= Doctrine =

Codification of beliefs

Doctrine (from doctrina, meaning 'teaching, instruction') is a codification of beliefs or a body of teachings or instructions, taught principles or positions, as the essence of teachings in a given branch of knowledge or in a belief system. The etymological Greek analogue is 'catechism'.

Often the word doctrine specifically suggests a body of religious principles as promulgated by a church. Doctrine may also refer to a principle of law, in the common-law traditions, established through a history of past decisions.

==Religious usage==

Examples of religious doctrines include:
- Christian theology:
  - Doctrines such as the Trinity, the virgin birth and atonement
  - The Salvation Army Handbook of Doctrine
  - Transubstantiation and Marian teachings in Roman Catholic theology. The department of the Roman Curia which deals with questions of doctrine is called the Congregation for the Doctrine of the Faith.
  - The distinctive Calvinist doctrine of "double" predestination
  - The Methodist Church of Great Britain refers to the "doctrines to which the preachers of the Methodist Church are pledged" as doctrinal standards
- Yuga in Hinduism
- Postulation or Syādvāda in Jainism
- The Four Noble Truths in Buddhism

Roman Catholic and Orthodox doctrine generally comes from the writings of the Church Fathers, which has been clarified in various Ecumenical councils. Short versions can be found in brief statements of Christian doctrine, in prayer books. Longer versions take the form of catechisms. Protestants generally reject Christian tradition and instead derive their doctrine solely from the Bible.

==Philosophical usage==
- Epicurus' 40 Principal Doctrines, the first four of which make up the Tetrapharmakos

==Measure of religiosity==
According to sociologist Mervin Verbit, doctrine may be understood as one of the key components of religiosity. He divides doctrine into four categories: content, frequency (degree to which it may occupy the person's mind), intensity and centrality. Each of these may vary from one religion to the next, within that religious tradition.
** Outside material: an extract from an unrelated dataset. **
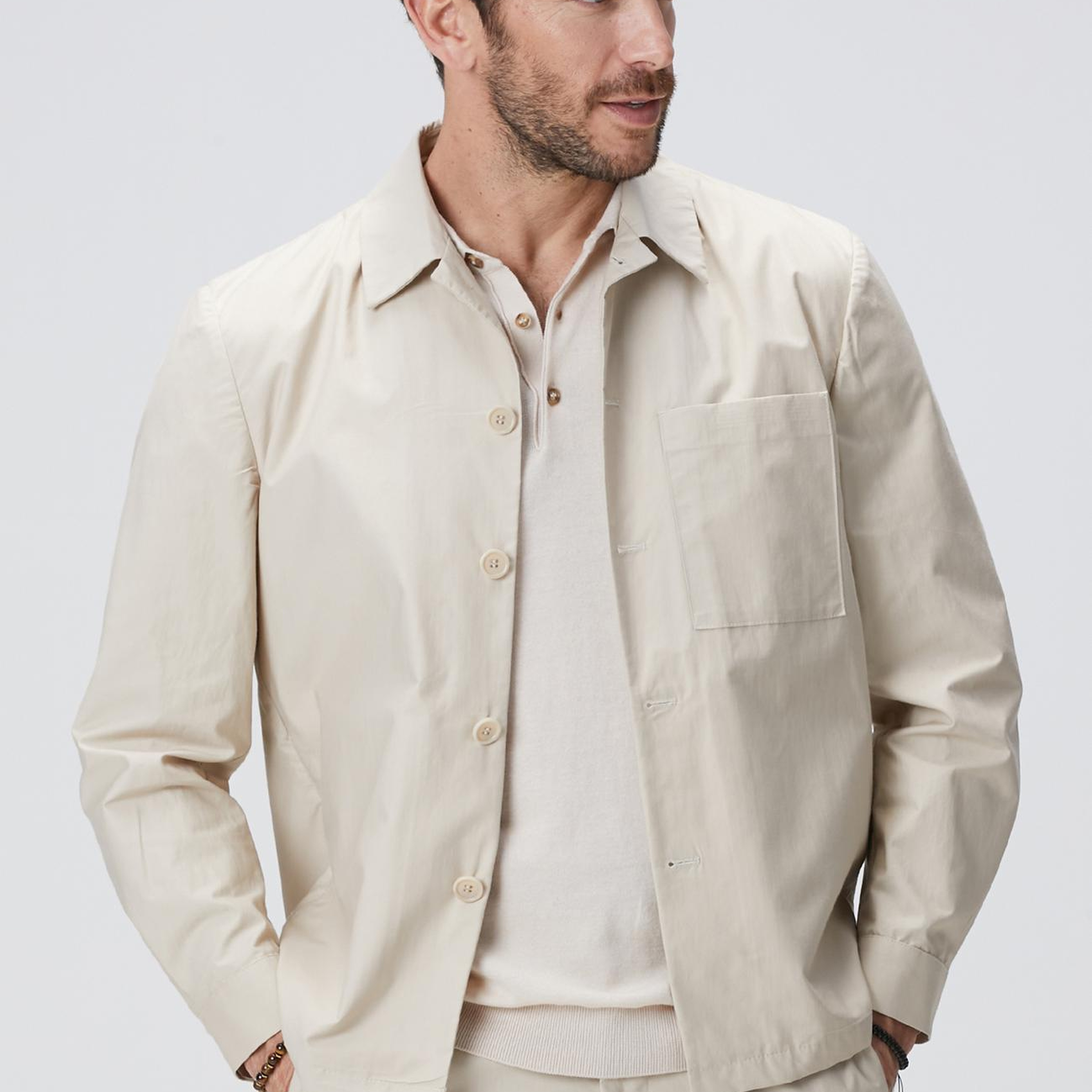 Network Erkek Bej Dış Gömlek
In this sense, doctrine is similar to Charles Glock's "belief" dimension of religiosity.

==Military usage==
The term doctrine also applies to the concept of an established procedure to execute an operation in warfare. The typical example is tactical doctrine in which a standard set of maneuvers, kinds of troops and weapons are employed as a default approach to a kind of attack.

Examples of military doctrines include:
- Guerre de course
- Hit-and-run tactics
- Mahanian of late 19th up to mid-20th century
- Manhunting doctrine, or assured individual destruction
- Shock and awe
- Soviet deep battle of World War II
- Trench warfare of World War I

==Cold War doctrines==
The Cold War saw the enunciation of several strategic doctrines designed to contain Soviet expansion.

Carter Doctrine was announced in 1980 by American President Jimmy Carter after the Soviet invasion and occupation of Afghanistan. It declared that any Soviet aggression towards the Persian Gulf would be considered a danger to the essential interests of the United States. This led to the creation of significant American military installations in the area and the formation of the Rapid Deployment Force. The proclamation reinforced the previous Truman Doctrine and Eisenhower Doctrine and to some extent it rejected the Nixon Doctrine. See also Reagan Doctrine.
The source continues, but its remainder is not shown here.